While we’re bridging this summer-fall gap, I’ve been making this dinner on repeat, and it seriously feels like I’m taking myself to a nice restaurant every time.
We’ve got super garlicky grilled shrimp, a classic polenta (the recipe by Marcella Hazan because it’s the only polenta recipe I trust), and a really, really delicious but simple sauce. The sauce starts by putting shallots, celery and peppers into a food processor. This is the technique of making a “pestata” in Italian, or paste. However, the ingredient combo of celery, onion and pepper (particularly green pepper) is the Southern trinity, which you often see in shrimp and grits dishes here in this region. Our garden just happens to be overflowing with peppers to the point that I’ve been putting them into everything, and I kind of ending up crossing Italy with Texas in this dish. The results were pretty dang delicious.
When I plated the dish, I grabbed a jar of recently pickled okra and peppers out of the fridge, and topped everything with those crispy, deliciously acidic little gems. Ben’s very sweet co-worker gave us a bunch of okra from her garden, so I was lucky enough to experiment with it, and she actually just gave us even more. So incredibly nice. As someone who grew up on the west coast, okra was something of an unfamiliar ingredient for me. A few friends in Texas here told me about its “sometimes slimy” qualities. That’s less appealing, but they also told me about how it’s delicious fried, and it’s delicious pickled. Immediately yes to both. What I didn’t expect from the okra was this deliciously fresh quality that I really only ever find in a cucumber. Even pickled, it still imparted this fruitiness. It was delicious, and seriously the perfect accompaniment to drive this Texas-turns-Tuscany dish home.
With that, garlicky grilled shrimp, parmigiano-laced polenta, peppery white wine pan sauce, pickled peppers…shall we?
Grilled Shrimp and Polenta
For the polenta (recipe by Marcella Hazan in Essentials of Classic Italian Cooking):
(Makes about 4 cups)
7 cups water or broth
1 2/3 cups coarse-grained imported Italian yellow cornmeal
4 T butter
1 cup Parmigiano Reggiano, grated
For the sauce:
Extra virgin olive oil
6 T butter, divided
2 shallots
2 stalks celery
6 small Cubanelle peppers
1 cup cherry tomatoes, halved
5 cloves garlic, minced
2 sprigs rosemary
2 sprigs oregano
2 t lemon zest
1/2 t smoked paprika
1/2 t onion powder
1/2 t garlic powder
1/2 t old bay seasoning
1 c white wine
2 cups chicken broth
For the shrimp:
20 shrimp, peeled and deveined, tails on
1 stick butter
8 cloves garlic, grated
2 t lemon zest
Kosher salt and pepper, to taste
Place shallots, celery and peppers in the bowl of a food processor and pulse into a paste.

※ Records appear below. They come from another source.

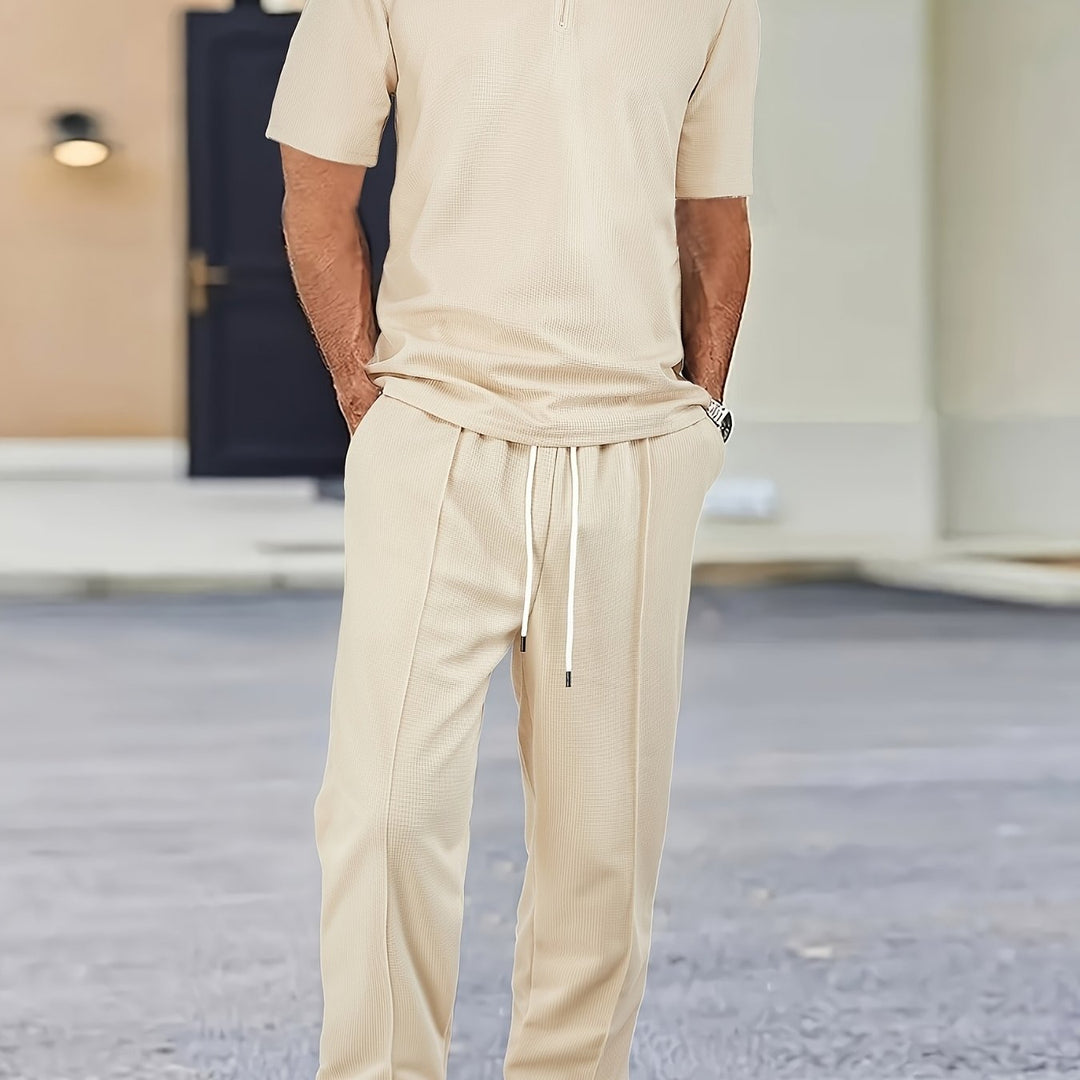 Fleur De Luxe - Ensemble Polo & Pantalon Homme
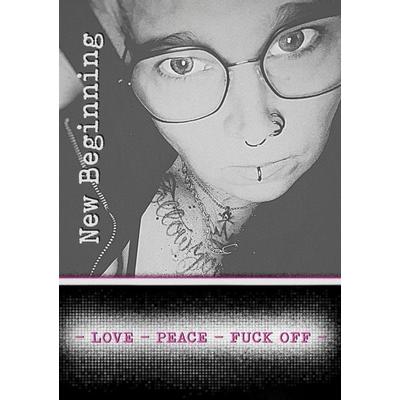 New Beginning - LOVE - PEACE - FUCK OFF -, Taschenbuch von Isabelle Harke-Blank, Epubli, 978-3-565-09977-1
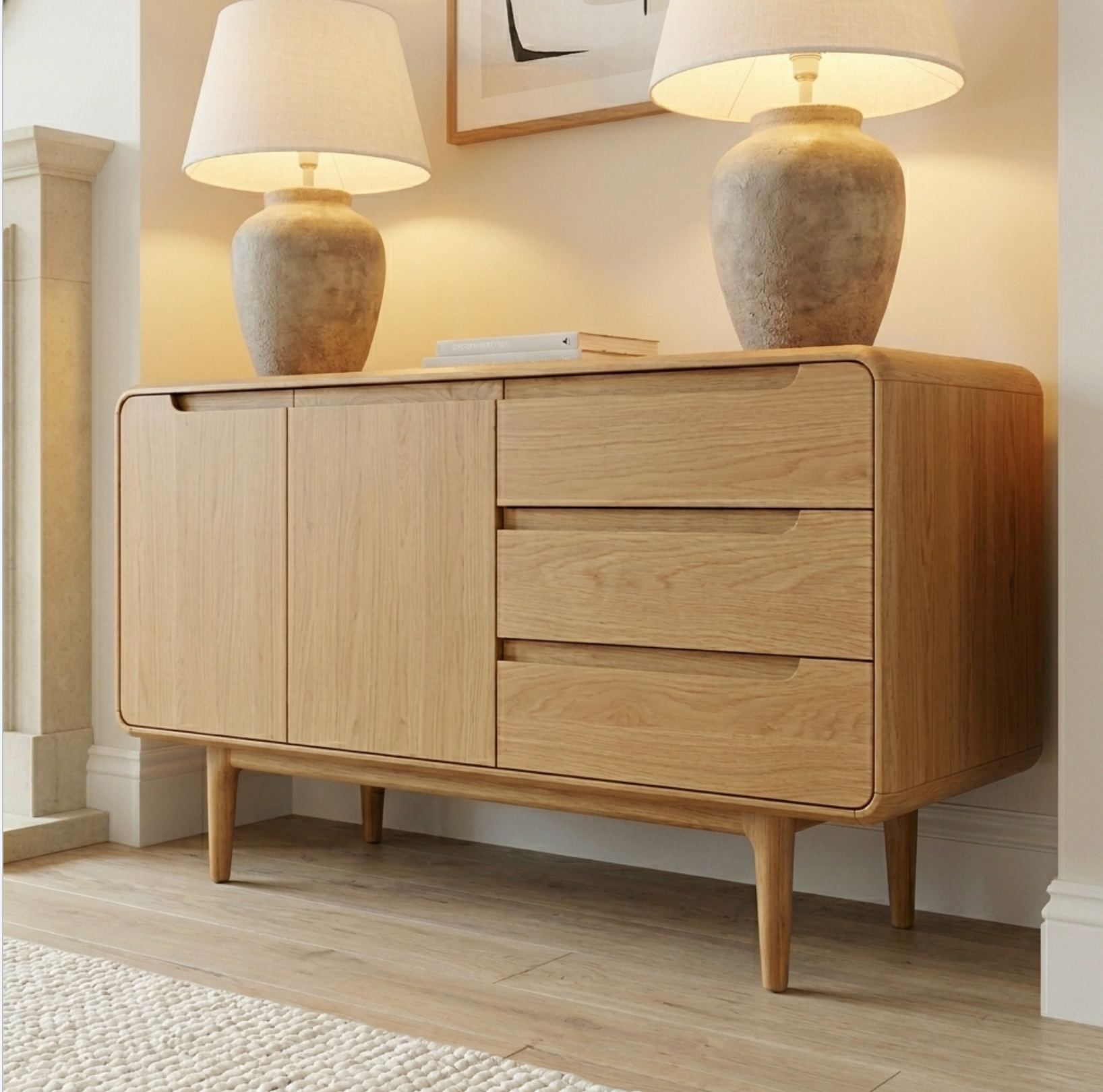 G Plan Winchester Wide Sideboard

In a large pot, bring the 7 cups of water or broth to a boil. While whisking constantly slowly, gradually pour in the cornmeal. Keep whisking constantly to prevent lumps. The polenta is going to cook for about 45 minutes total, switching with a wooden spoon after about 10 minutes.
About halfway through cooking the polenta, in a dutch oven, melt 4 tablespoons butter, and add a drizzle of olive oil. Add in shallot, celery and pepper mixture. Season with a sprinkle of salt and a few grinds black pepper. Sauté over medium heat. Add in the tomatoes, season with salt and pepper, and sauté a couple minutes more. Add in garlic, herbs and lemon zest. Sauté until, fragrant, about 20 seconds more. Add in the paprika, onion and garlic powder, and old bay. Pour in the wine, and allow to simmer for about 25 seconds, scraping the bottom of the Dutch oven with a wooden spoon. Pour in the broth, and season with salt and pepper. Reduce heat to lowest setting and allow to simmer and reduce for about 20 minutes. Taste and adjust salt and pepper along the way. Just before serving, taste and adjust, and then stir in the remaining butter.
Season shrimp with salt and pepper, and thread onto steel skewers. Melt the butter, and add in the garlic and lemon zest, along with a good sprinkle of salt and pepper. Baste shrimp with the butter, and grill about 1-2 minutes per side, basting along the way.
Plate up the polenta, spooning a generous amount of pan sauce over. Set shrimp atop, with more sauce, and the optional pickled veg. Serve alongside a simple arugula salad, if you wish, dressed with a simple lemon vinaigrette and big shavings of parm.
Truly, if you feel like taking yourself out to dinner in your own home…highly recommend this dinner. It’s cozy. It’s slightly elevated. For all intents and purposes, it’s pretty easy. It’s fall warmth meets summer flavors, and I’m here for it. I actually just sent my sister this polenta recipe for their dinner tonight, and TBH, I’m a little jelly. We have leftover lemony chicken meatball soup on deck, which, let’s be real, is the more responsible (and still delish) choice for the under-the-weather people that we currently are.
Wishing you some cozy, beginning-of-fall vibes, and a giant bowl of this shrimp and polenta.